There is no date certain for Implementation Day, so it may be some time (perhaps six to nine months, according to the latest U.S. government estimates) before Implementation Day happens. However, even on Implementation Day the sanctions will be suspended, not terminated, and other provisions of the JCPOA allow certain sanctions to "snap back" or be reinstated if Iran does not live up to its obligations under the JCPOA. Permanent sanctions relief will not come until "Transition Day" -- i.e., eight years after Adoption Day or upon a favorable IAEA report regarding Iran's pursuit of only peaceful nuclear activities. This means that those who take advantage of sanctions relief on Implementation Day will bear the risk of reinstatement of sanctions for a considerable period of time. Furthermore, the U.S. government has indicated that contracts entered into during the period of sanctions relief will not be grandfathered if snapback occurs. Of course, in addition to the possibility of snapback, those re-entering the Iranian market must also carefully manage a host of other risks, including anti-corruption risks, lack of transparency and terrorism.

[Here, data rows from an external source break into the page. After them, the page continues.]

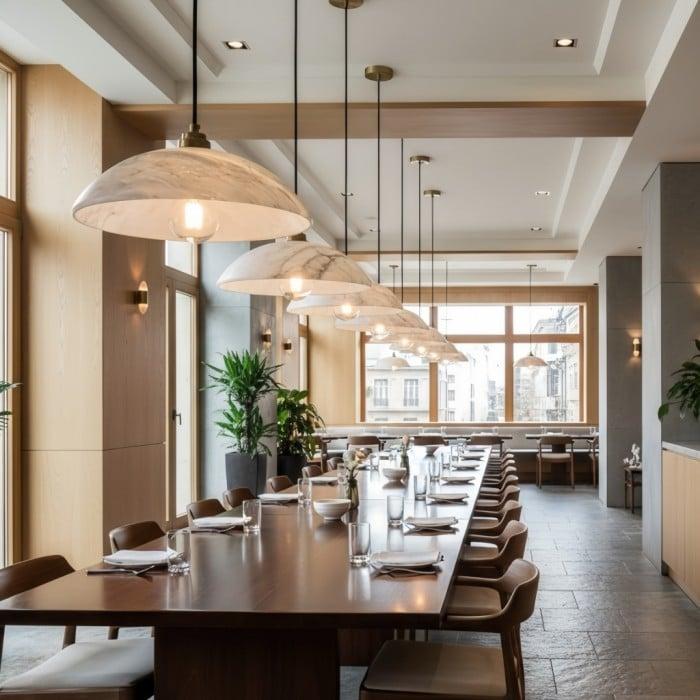 Stone pendant lighting installed in a premium hospitality interior.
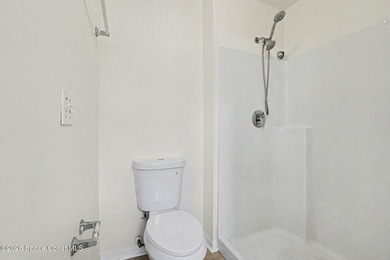Check out this 3-bedroom, 2-bath home offers a spacious and airy - photo 9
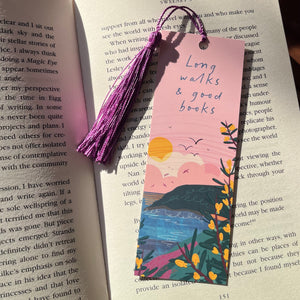 A rectangular paper bookmark with a purple tassel hangs over open book pages. The bookmark features a pastel landscape illustration with a pink sky, blue water, yellow flowers, and the handwritten text 'Long walks & good books'.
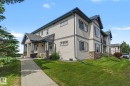 Exterior features include multi-level architecture, beige siding, dark trim, stone accents, and a covered entry porch - 30 2565 Hanna Crescent, Edmonton, AB 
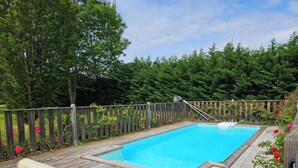 Une terrasse en bois avec une piscine, entourée d’une clôture en bois et d’une végétation luxuriante.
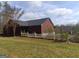 Exterior shot of a single story red brick home with white picket fence in yard at 390 Burg Rd, Locust Grove, GA 30248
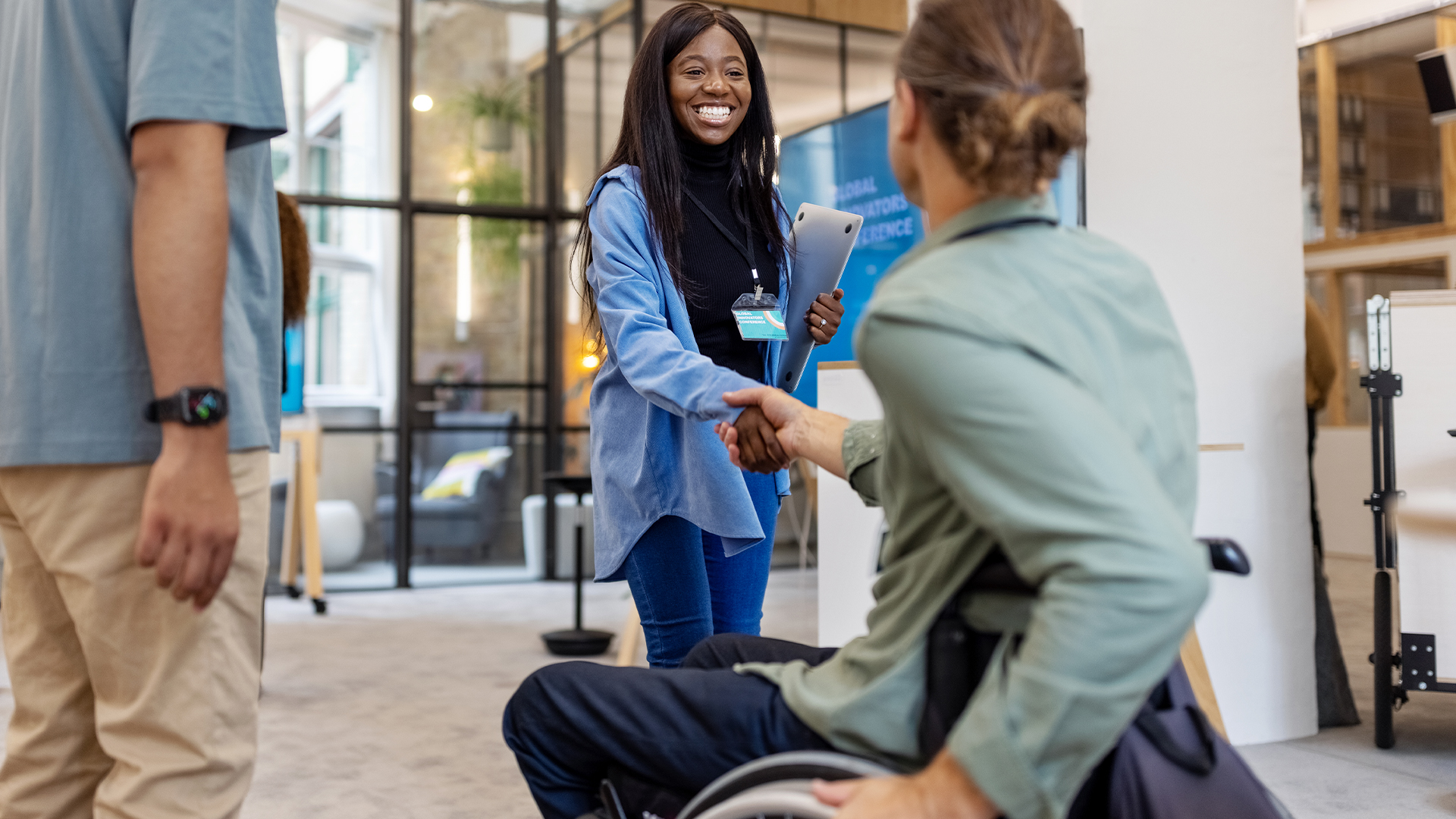 Female disability advocate helping a patient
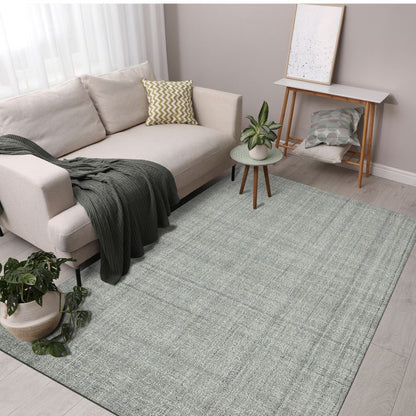 Living room with a gray rug, beige sofa, and decorative items.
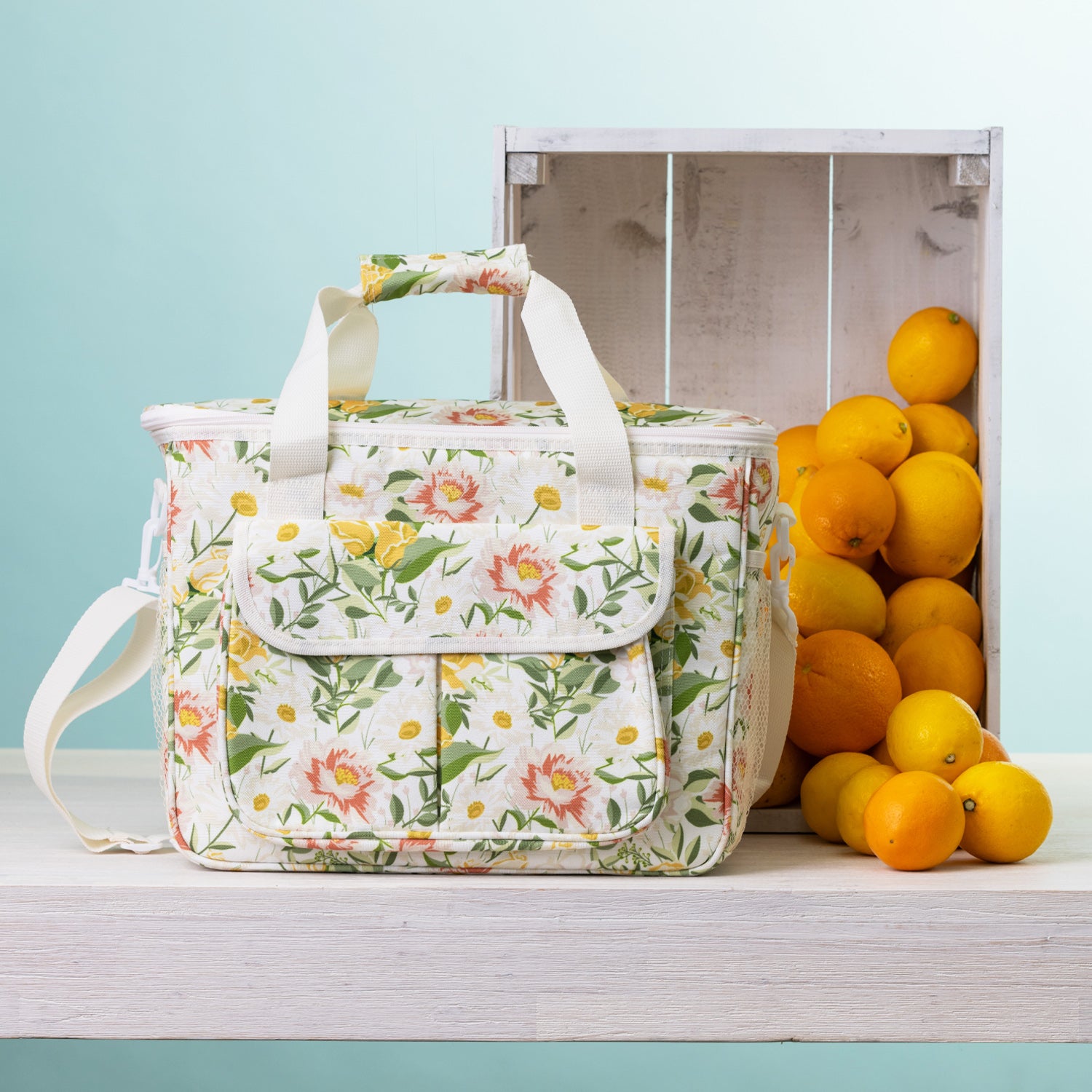 A floral cooler bag sits on a white wooden table next to a white crate filled with oranges, against a light blue background.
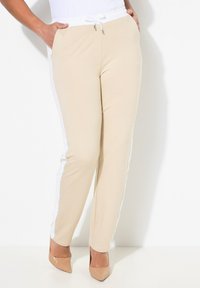 Béžové tepláky s bílým stahovacím pasem, bočními kapsami a bílými texturovanými akcenty podél bočních švů, kombinované s nahými podpatky.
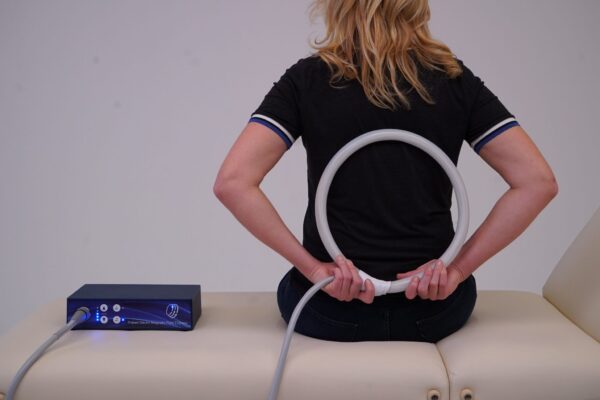 Woman applies loop applicator from TeslaFit Plus 2 to her back for PEMF Treatment
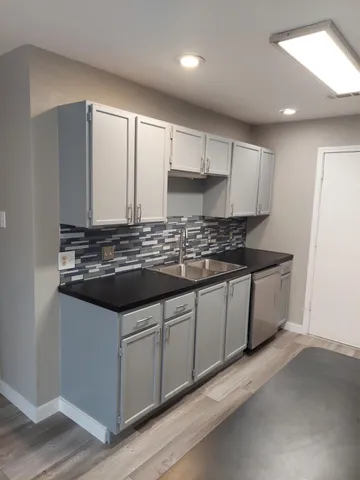 a kitchen with kitchen island stainless steel appliances a sink stove and refrigerator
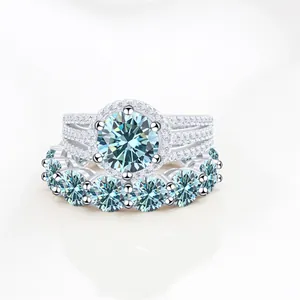 Luxury S925 silver moissanite ring set featuring a light blue gemstone and halo accents
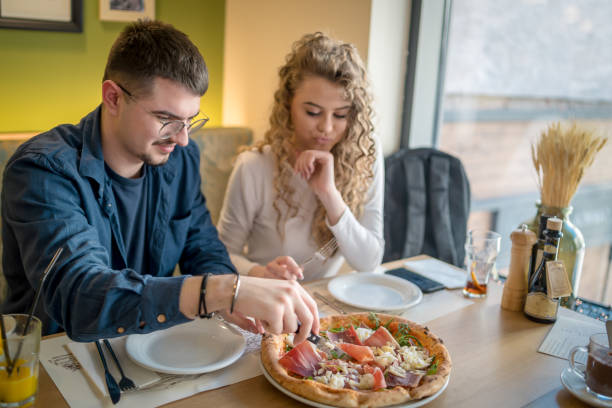 istock Happy smiling couple having fun while eating pizza 1484816544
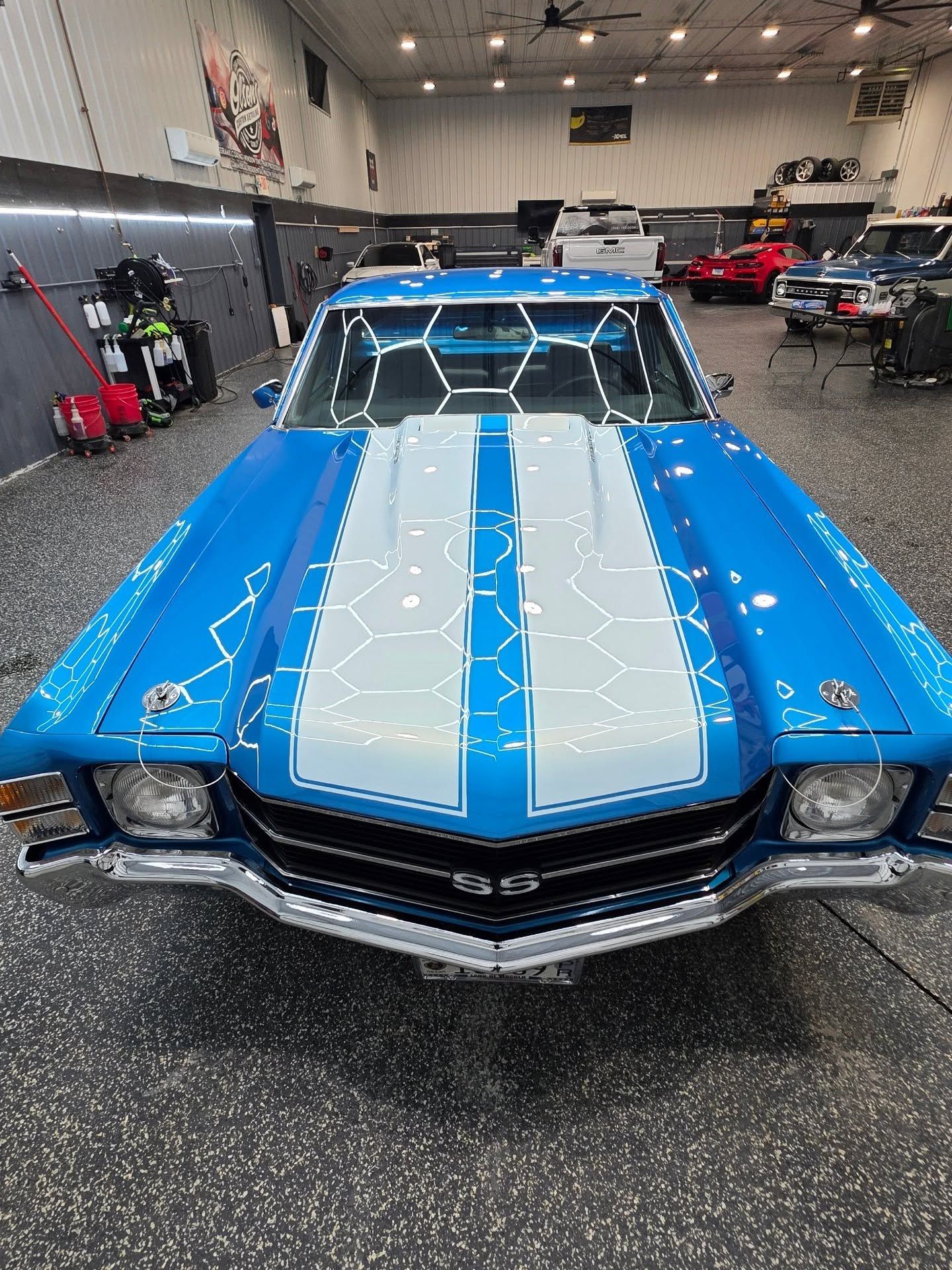 Blue classic car with silver racing stripes displayed indoors in a garage showroom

Finally, an additional word of caution for companies with multilateral operations -- only China, the European Union, France, Germany, Russia, the United Kingdom and the United States participated in the discussions leading up to the JCPOA, and only the European Union and the United States made sanctions commitments, although pursuant to a July 20, 2015 resolution of the UN Security Council (UNSC), Implementation Day will bring termination of certain UNSC resolutions, subject to "snapback" and certain remaining restrictions on the transfer of proliferation sensitive goods. However, in recent years many other countries have implemented unilateral sanctions against Iran, and while some (Switzerland, for example) are expected to follow the JCPOA lead, others, like Canada, are not. Multilateral companies contemplating doing business in Iran must therefore ensure that the entities, personnel and goods, services and technology and financial transactions involved in their operations are in compliance with a variety of potentially applicable sanctions regimes.